Это я про вариативность судьбы.

Тем более известна ( предчувствием) своя добрая судьба самому человеку. Пусть судьба трагическая — но добрая в смысле праведная, правильная в том, что зависело от самого человека.

Поэты — люди чувствительные к ткани мира, они не только четче знают, но и могут проговорить это знание...

Вспомним Дмитрия Кедрина. Он — великий поэт. Или, лучше сказать — он настоящий поэт. Так правильней.

В 19 лет ему написалось, навеялось:


По рельсам бежала людская тень,
Её перерезала тень трамвая.
Одна прокатилась в гремящий день,
Другая опять побежала – живая.
Ах, как хорошо в мире у теней.
В мире у людей умирают больней.

Через 19 лет он погиб на путях железной дороги.
Что это? Литературоведческая  тяга его убийц? Которые решили вот так вот подгадать... Но в гибели Кедрина всё — тайна. Мы не знаем, что там было.  И был ли кто-либо рядом...Это могло быть случайностью...
Но стихотворение — не случайность. Случайные, неинтересные, не важные для них  мысли поэты не записывают.

«Я умру в Крещенские морозы...» - знаменитое прозрение Рубцова. И морозов-то в тот год, говорят, не было, оттепель была — но сроки поэт записал точно. Зачем записал, не прогнал строки из памяти? Мало ли, какая ерунда лезет в голову... Нет — желал сказать об этих сроках. Знал.

«В полдневный жар в долине Дагестана...» - а дальше про гибель со свинцом в груди. Это Лермонтов. Ошибся: не жар, а дождь, грязь, вечер... И не в Дагестане, а чуть ближе по кавказским просторам... Но про главное — знал.

Не зря мудрый Арсений Тарковский молвил:

Не описывай заране
Ни сражений, ни любви.
Опасайся предсказаний,
Смерти лучше не зови.

Слово — только оболочка,
Плёнка жребиев людских.
На тебя любая строчка
Точит нож в стихах твоих...

Итак, или поэт знает — и проговаривается об этом знании, отчетливом или подсознательном, но тем не менее выраженном настолько, чтобы отразиться в стихах. И тогда совет Тарковского ничего не решает... Человек знает свою судьбу.

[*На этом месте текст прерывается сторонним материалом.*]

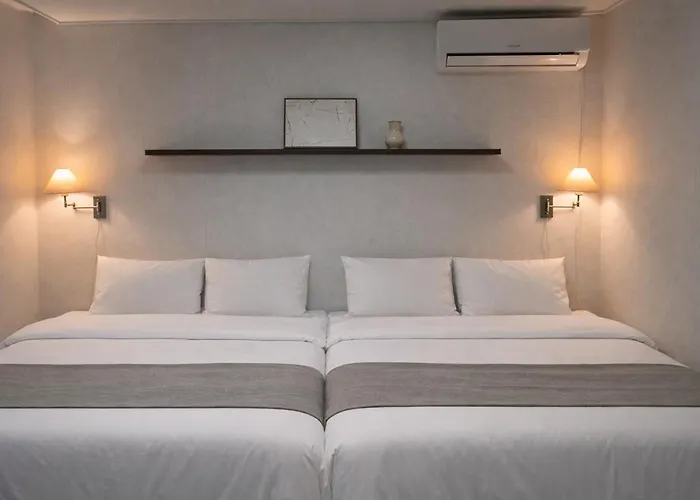 Suu 4 Beds & 2 Bath Group Near Cheonho Station *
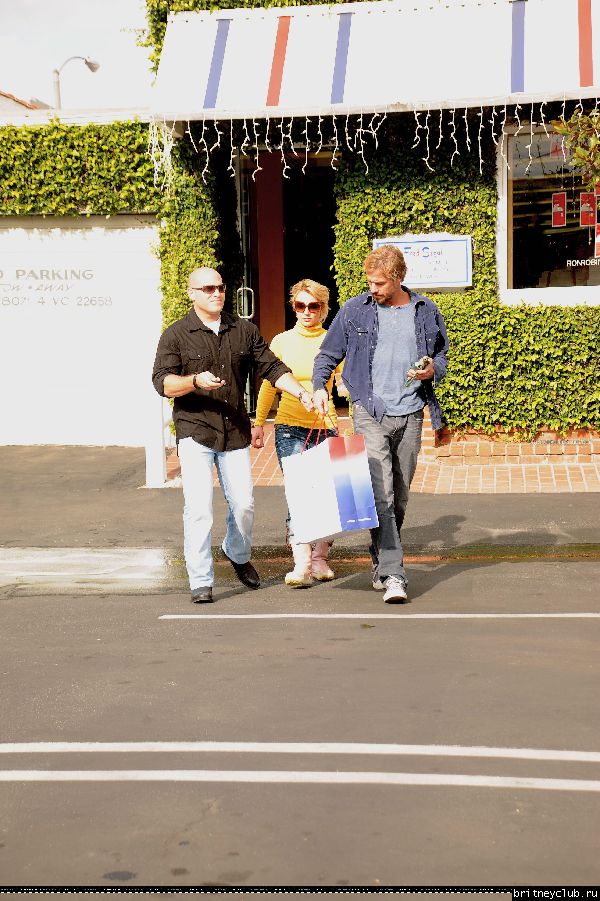Бритни и Джейсон на шоппинге в Западном Голливуде15.jpg(Бритни Спирс, Britney Spears)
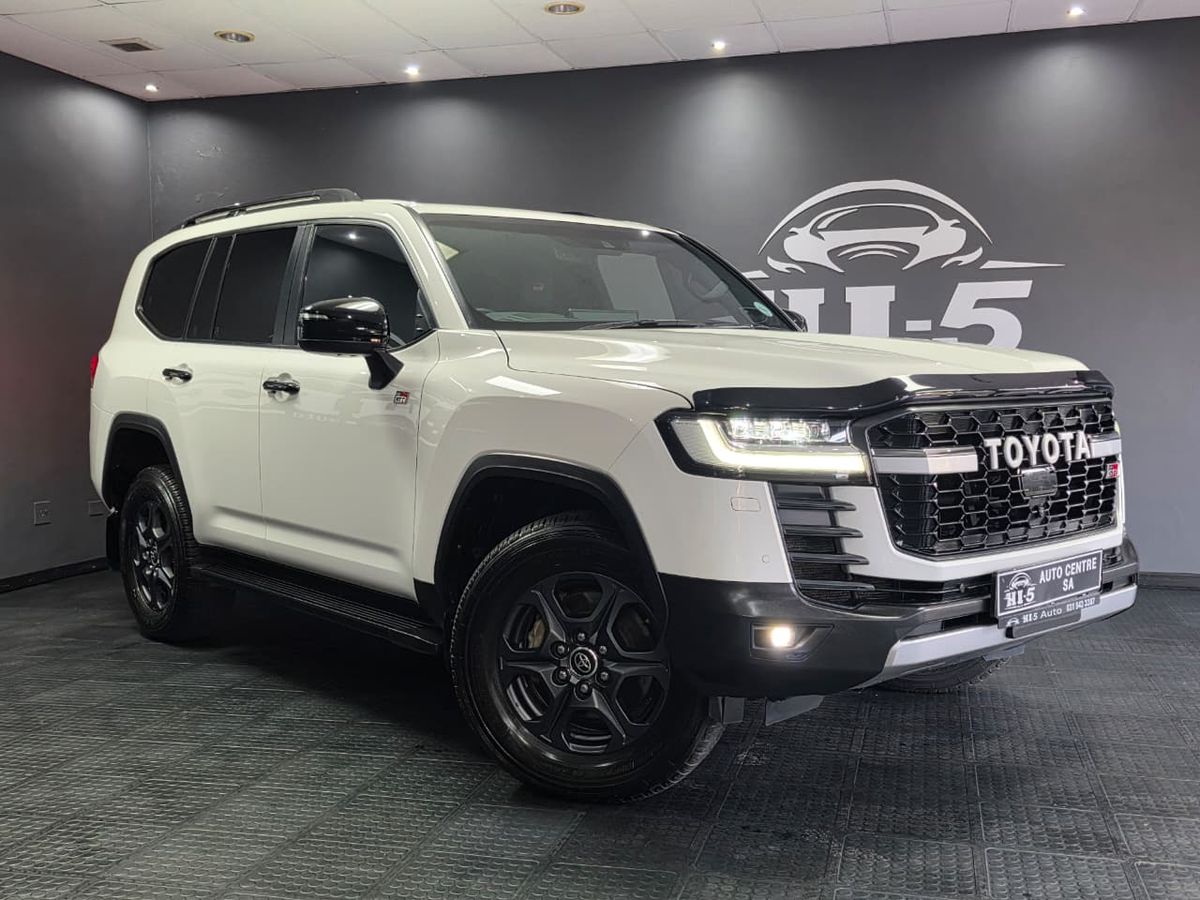 2022 Toyota Land Cruiser 300 V6 3.5 T GR-S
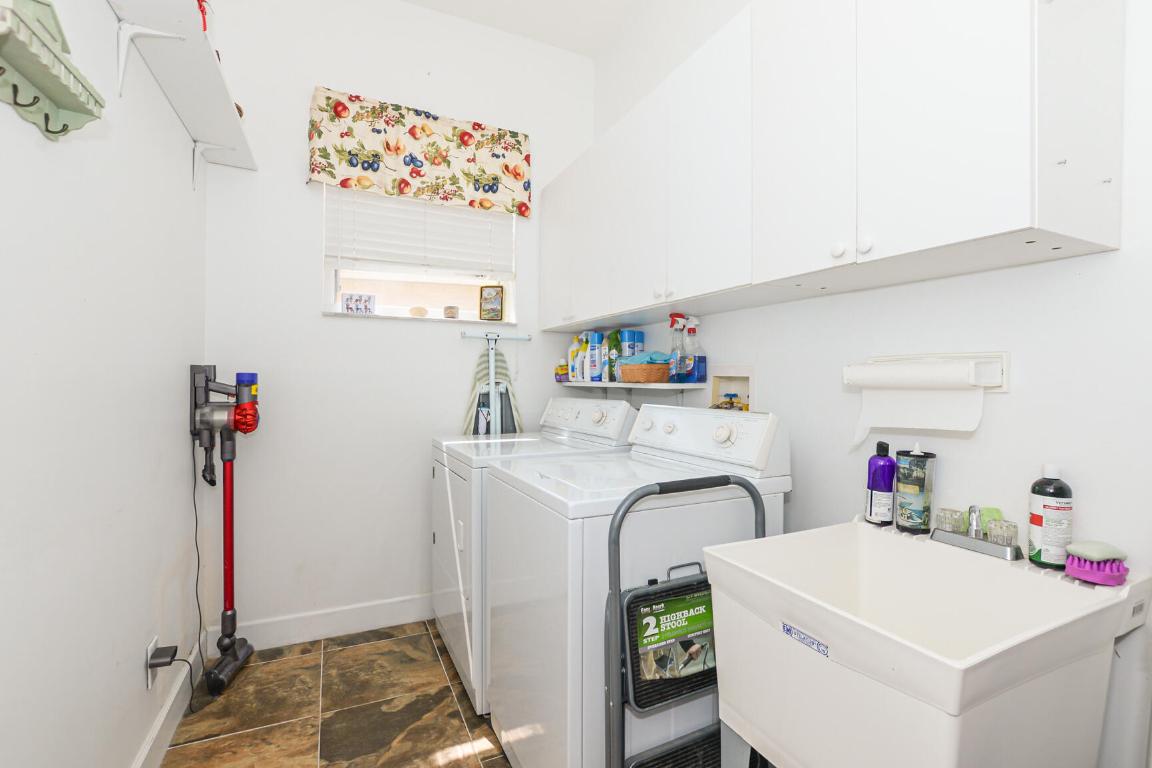 KINGS ISLE (Isle of Capri) - Residential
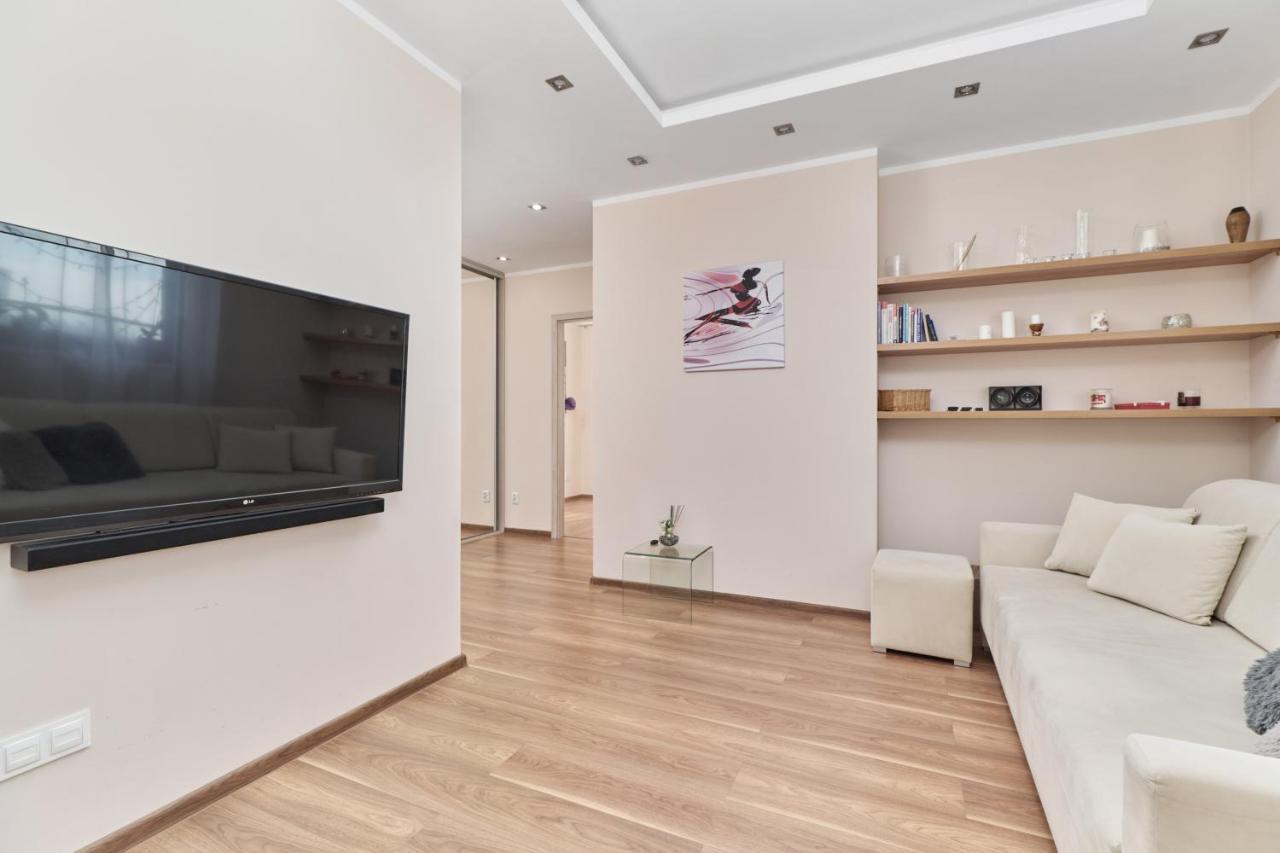 Apartment Wroclaw Krakowska With Balcony And Free Garage By Noclegi Renters Exterior photo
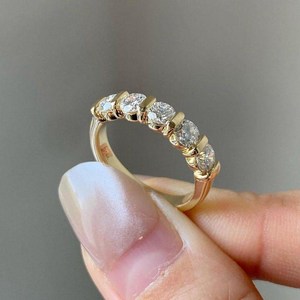 แหวนเพชรทรงกลมเจียระไนแบบบริลเลียนท์ห้าเม็ด ทองคำแท้ 14K เครื่องประดับหรูหราสำหรับงานหมั้น งานเลี้ยง หรือโอกาสพิเศษสำหรับคนรัก - Product Image 1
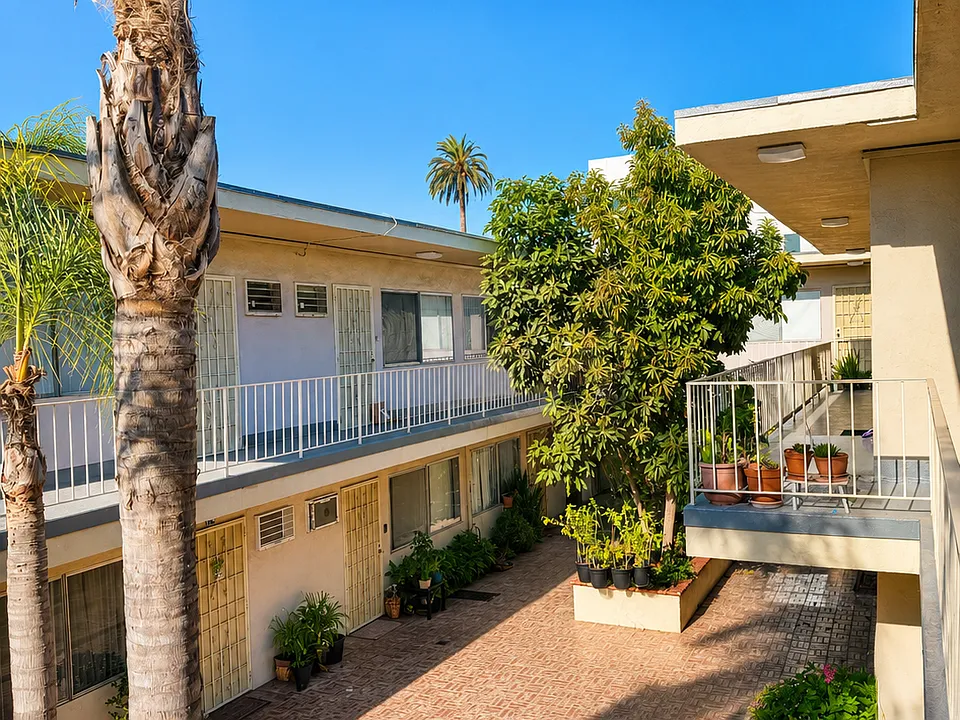 Hollyking Apartments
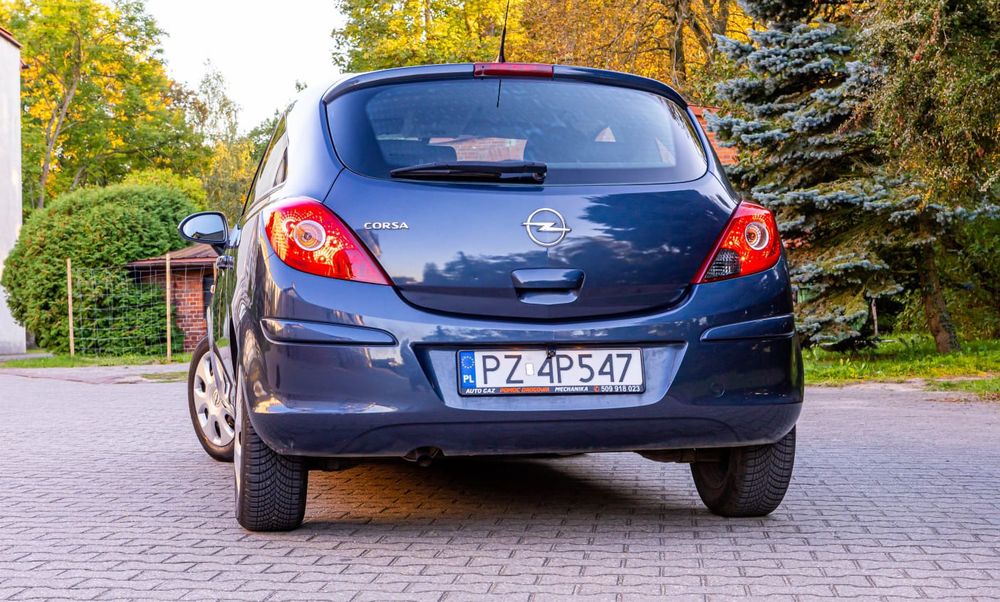 Opel Corsa D 2009 GAZ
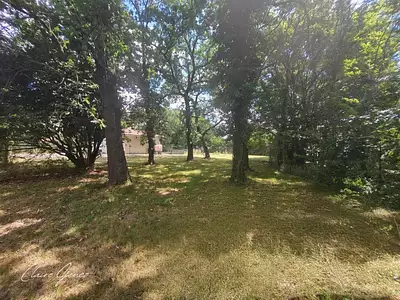 Terrain, 749 m²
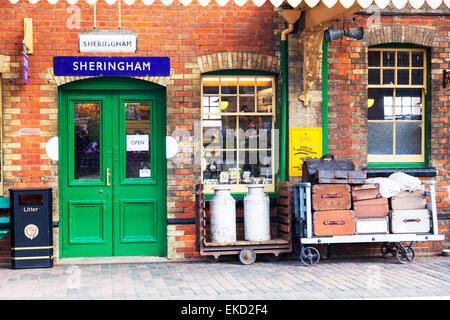 Gepäck auf gestern, Sheringham Bahnhof North Norfolk, UK Fällen alte Plattform Reisen Stämme Stockfoto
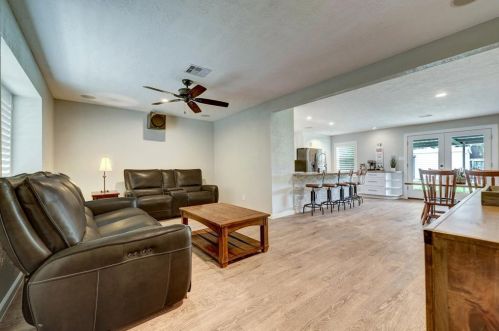 729 Dartmouth Ln, Deer Park TX  77536-6309 exterior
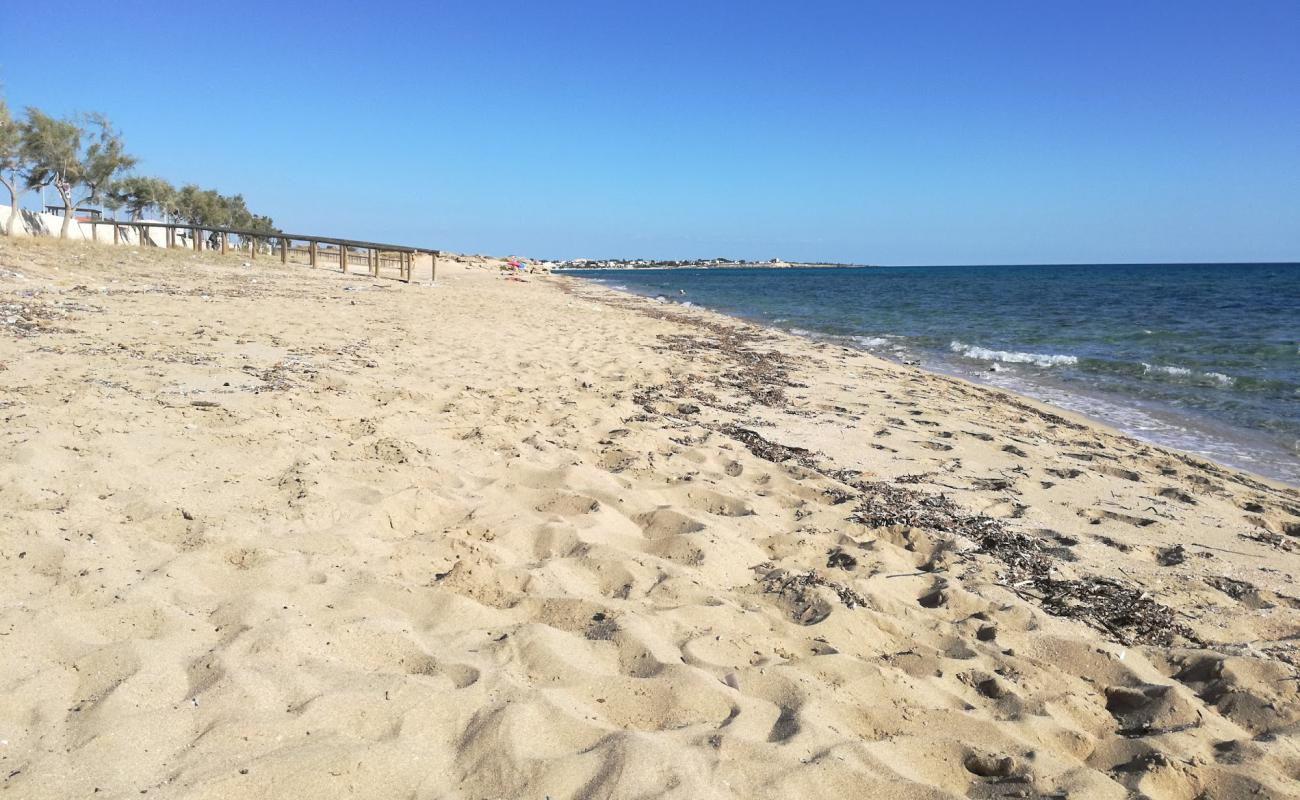 Spiaggia di Trullo di Mare'in fotoğrafı açık bej kum yüzey ile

Или поэт «вызывает огонь на себя», затронув тайные струны мира своими строками. Допустим, строки случайны, ради красного словца, на момент написания не относятся к судьбе автора. Но, будучи проговоренными, заводят свои механизмы и раскручивают колеса судьбы в соответствии со сказанным.

Первый взгляд — взгляд реалиста. Так, наверное, сказал бы Лука Войно-Ясенецкий, тот, кто на одном из своих хирургических трудов вдруг захотел написать подпись «епископ» вместо «доктор», не имея к этому ни малейших оснований.
Через несколько лет он «вдруг» стал епископом...

Второй взгляд — взгляд мистика. Так считал бы, скажем, Павел Флоренский с его теорией Слова — Диалога, живого Логоса. ( любое слово, говорил Флоренский, магично, оно услышано и действует в мире)

В настоящее время я склоняюсь к первому взгляду. Хотя ясно представляю себе, как мощно и четко работает то, о чем писал Флоренский...

Все-таки — знание о грядущем. Узнавание грядущего.

Нам раскрывается то, о чем мы хотим узнать — если нужно, то раскрывается.

Фиксируем мы это или нет — это второй вопрос.

Осознаем ли и действуем ли под влиянием осознания — третий вопрос.

Иногда, чтобы лучше понять вопрос - необходимо отстраниться, посмотреть со стороны.

Русская поэзия двести лет твердит нам об этом.

Таким "отстранением для русских поэтов был "взгляд" через призму культуры Кавказа.

Стремление к взаимопроникновению культур было завещано самим историческим развитием России. Если согласиться с тем, что русская литература – самый значительный вклад России в мировую культуру, то вспомним, как часто русские поэты смотрели на Восток в поисках ответов на духовные запросы…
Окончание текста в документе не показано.